(Data for processing Opens)
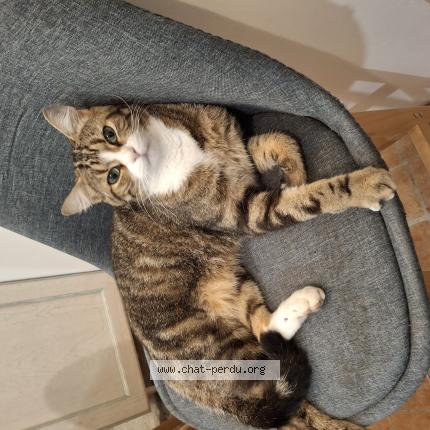 Photo 1/1 Karadoc Chat perdu à La chapelle palluau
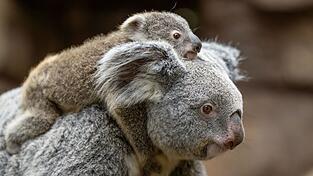 In der Wilhelma sind im vergangenen Jahr zwei Koala-Babys geboren worden. Nun stehen die Geschlechter der beiden fest. Hier trägt Koala-Weibchen Auburn ihr weibliches Jungtier durchs Gehege. (Foto-Handout)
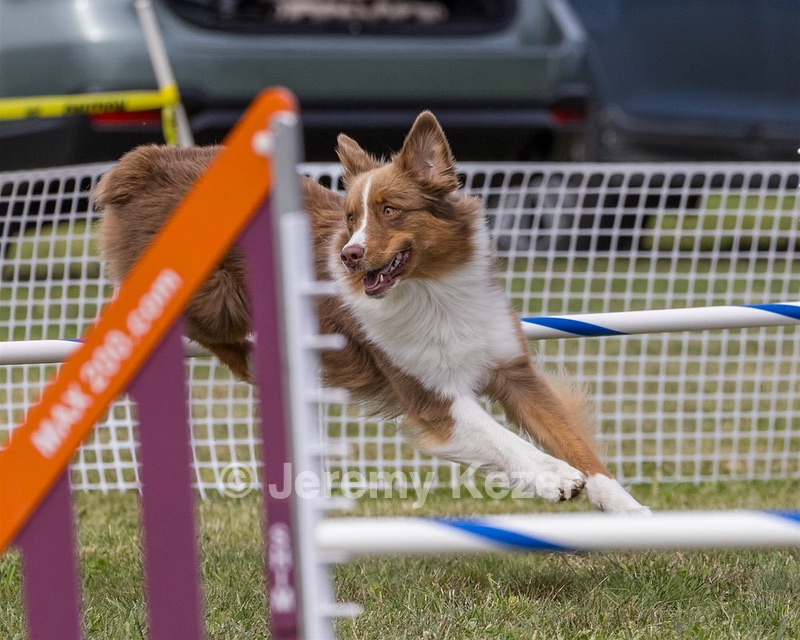 20230916-PVKC-2049.jpg
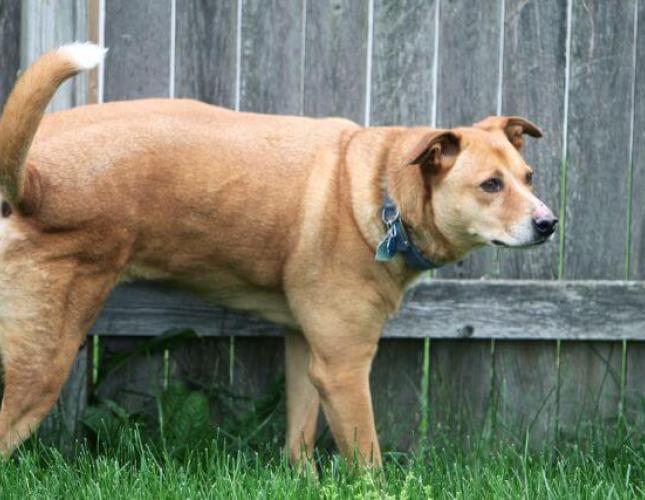 Bladder Stones in Dogs: Symptoms, Treatment, Removal, and Prevention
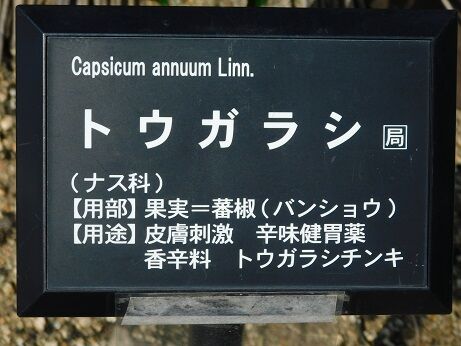 DSCN8460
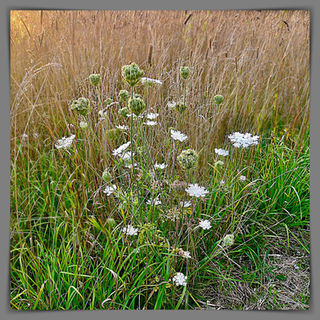 September wild flowers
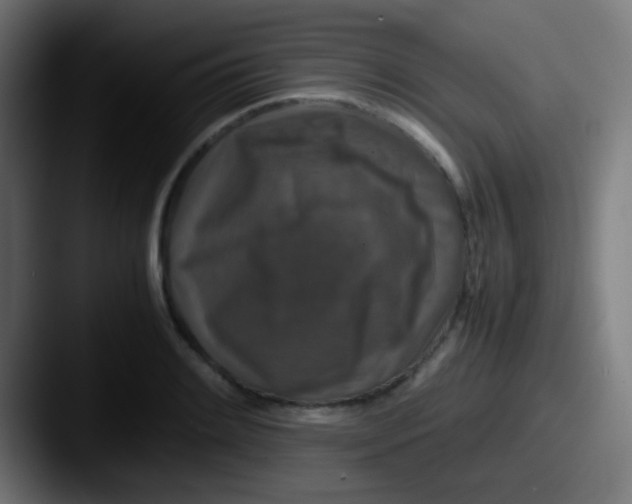 X0000087621084200705181309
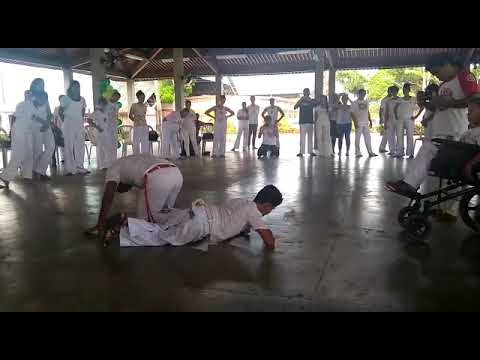 camera iphone 8 plus apk Evento de Capoeira - UFPE BAC 2018.2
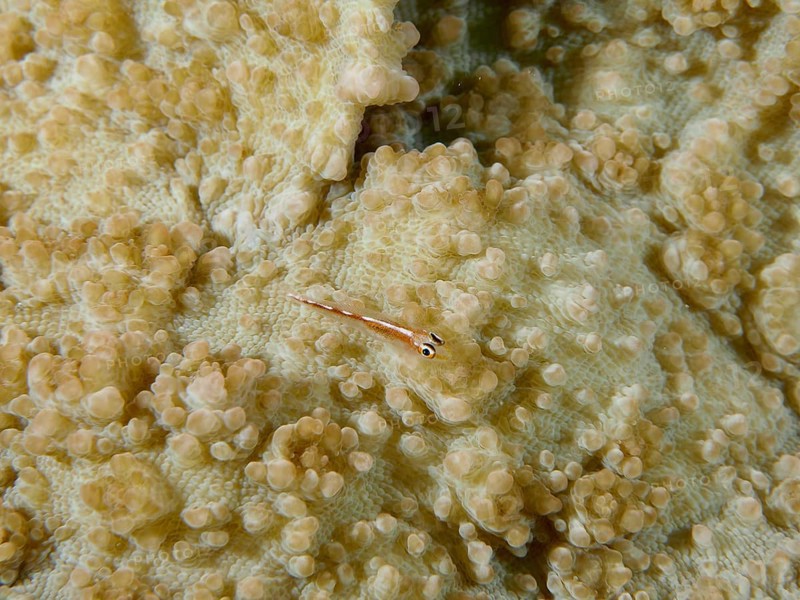 Tiny fish, transparent dwarf goby (Bryaninops erythrops), on the detailed structure of a coral under water. Dive site Spice Reef, Penyapangan, Bali, Indonesia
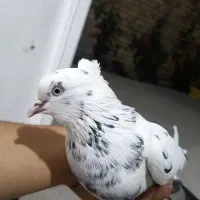 کبوتر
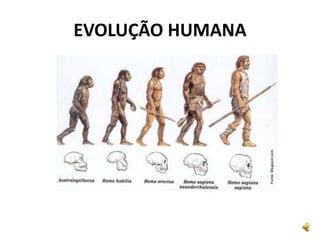 EVOLUÇÃO HUMANA
 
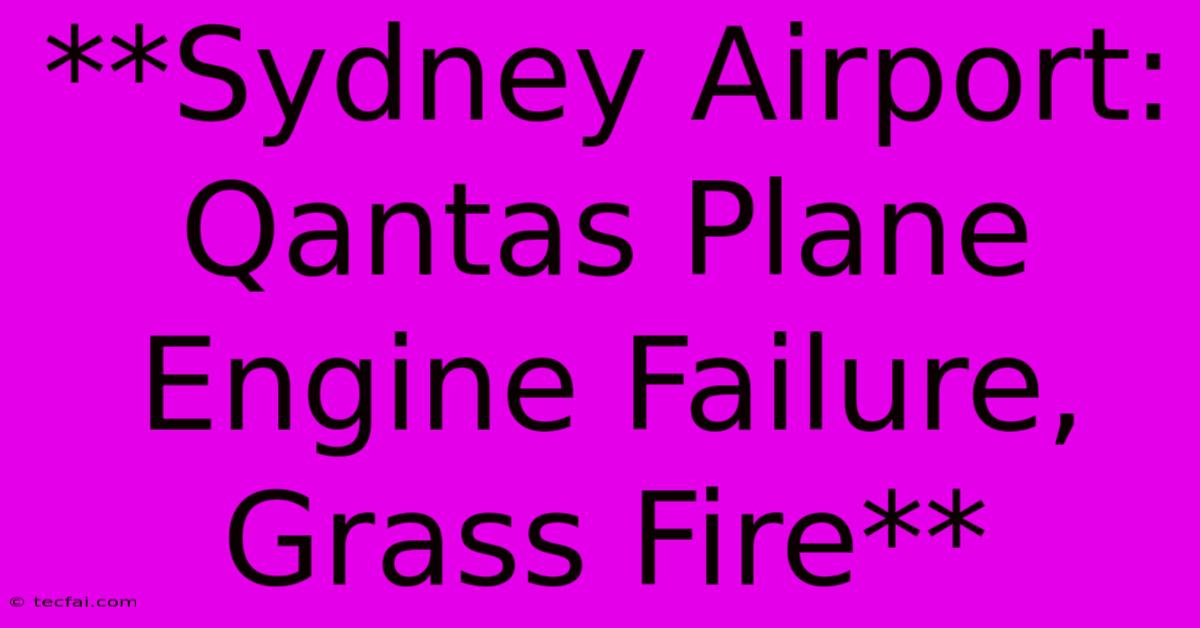 **Sydney Airport: Qantas Plane Engine Failure, Grass Fire**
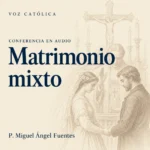 Conferencias en audio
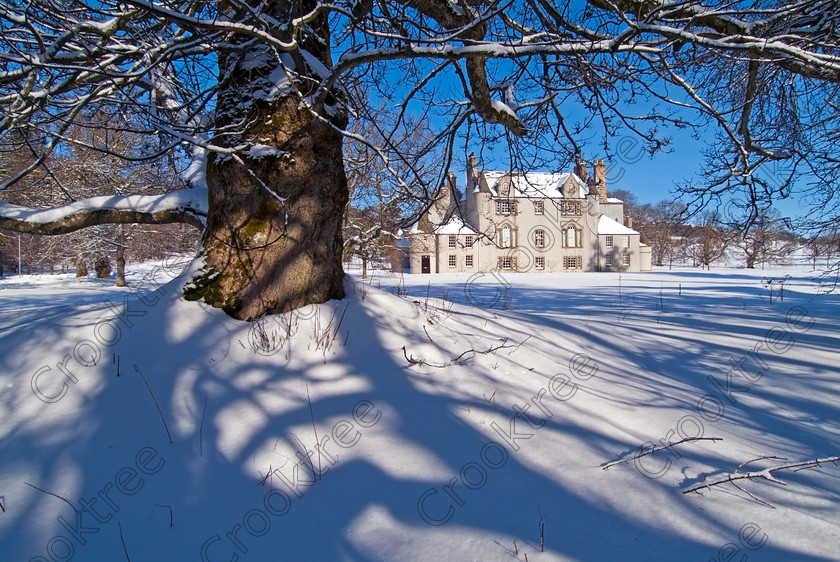 Leith Hall Tree TO173025JHP 
 Leith Hall Scotland National Trust Snow House White Sunshine Oak Tree scene near Kennethmont is an attractive homely Scottish mansion of the Leith-Hay family evolving over 300 years from 1650 until the mid-20th century if perhaps one of the less well known properties in the North east of Scotland. All the families furniture and paintings are part of the property along with an extensive walled garden and marked walkways. Any of my photographs are for scenic/tourist use only and cannot be used for product endorsement without the explicit permission of the NTS. Please contact their Edinburgh Head Office at Wemyss House, 28 Charlotte Square, Edinburgh, EH2 4ET. This National Trust for Scotland property is situated about 1 mile from Kennethmont, off B9002 Insch/Huntly and is open to the public on a restricted by appointment basis but the grounds are normally open all year round. 
 Keywords: Scotland, Scottish, Aberdeenshire, Grampian, Kennethmont, Leith Hall, National Trust for Scotland, house, landscape, snow, winter, large, oak, tree, lawn, front, turrets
(Data for processing Closes)
What is needed ::
For the entries above, print exactly the lines between the one with "20230916-PVKC-2049.jpg" and the one with "Leith Hall Tree TO173025JHP", inclusive, with no pictures.

Expected answer ::
 20230916-PVKC-2049.jpg
 Bladder Stones in Dogs: Symptoms, Treatment, Removal, and Prevention
 DSCN8460
 September wild flowers
 X0000087621084200705181309
 camera iphone 8 plus apk Evento de Capoeira - UFPE BAC 2018.2
 Tiny fish, transparent dwarf goby (Bryaninops erythrops), on the detailed structure of a coral under water. Dive site Spice Reef, Penyapangan, Bali, Indonesia
 کبوتر
 EVOLUÇÃO HUMANA
 
 **Sydney Airport: Qantas Plane Engine Failure, Grass Fire**
 Conferencias en audio
 Leith Hall Tree TO173025JHP 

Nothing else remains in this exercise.